■ **Entries supplied**:

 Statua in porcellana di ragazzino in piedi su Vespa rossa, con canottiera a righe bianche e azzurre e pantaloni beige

...

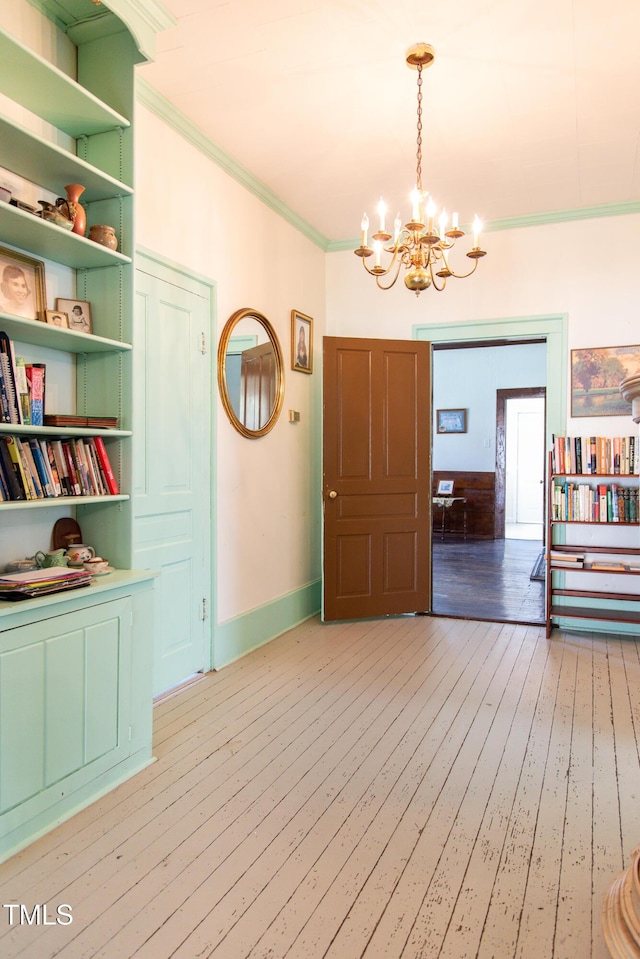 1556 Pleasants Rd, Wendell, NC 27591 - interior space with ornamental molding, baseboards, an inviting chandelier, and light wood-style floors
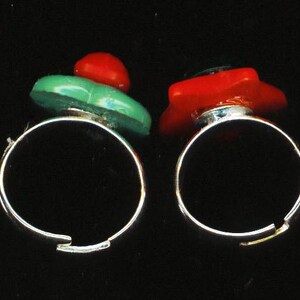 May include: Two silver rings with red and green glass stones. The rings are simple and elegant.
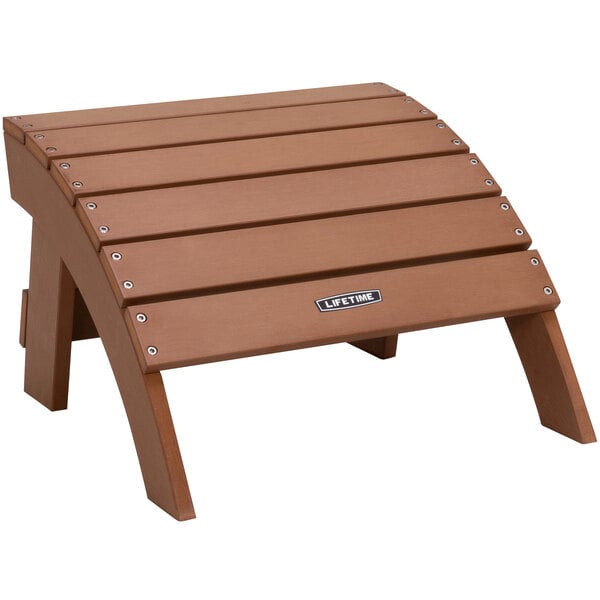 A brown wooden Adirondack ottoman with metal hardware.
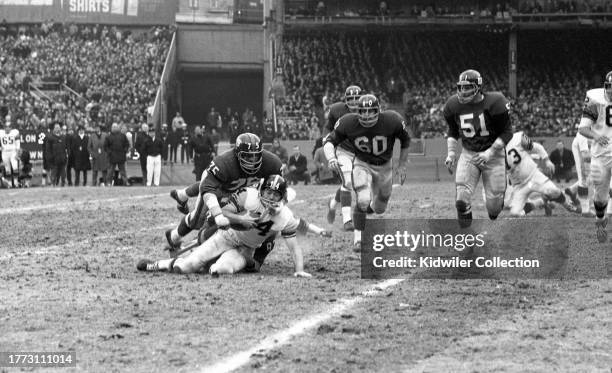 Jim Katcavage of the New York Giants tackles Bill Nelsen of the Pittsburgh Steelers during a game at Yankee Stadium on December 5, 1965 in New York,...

■ **Exercise goal**: Beginning at the line above that contains "May include: Two" and going on through the line that contains "Jim Katcavage of", please copy every line exactly, leaving the pictures out and adding nothing.

■ **Answer below**:
 May include: Two silver rings with red and green glass stones. The rings are simple and elegant.
 A brown wooden Adirondack ottoman with metal hardware.
 Jim Katcavage of the New York Giants tackles Bill Nelsen of the Pittsburgh Steelers during a game at Yankee Stadium on December 5, 1965 in New York,...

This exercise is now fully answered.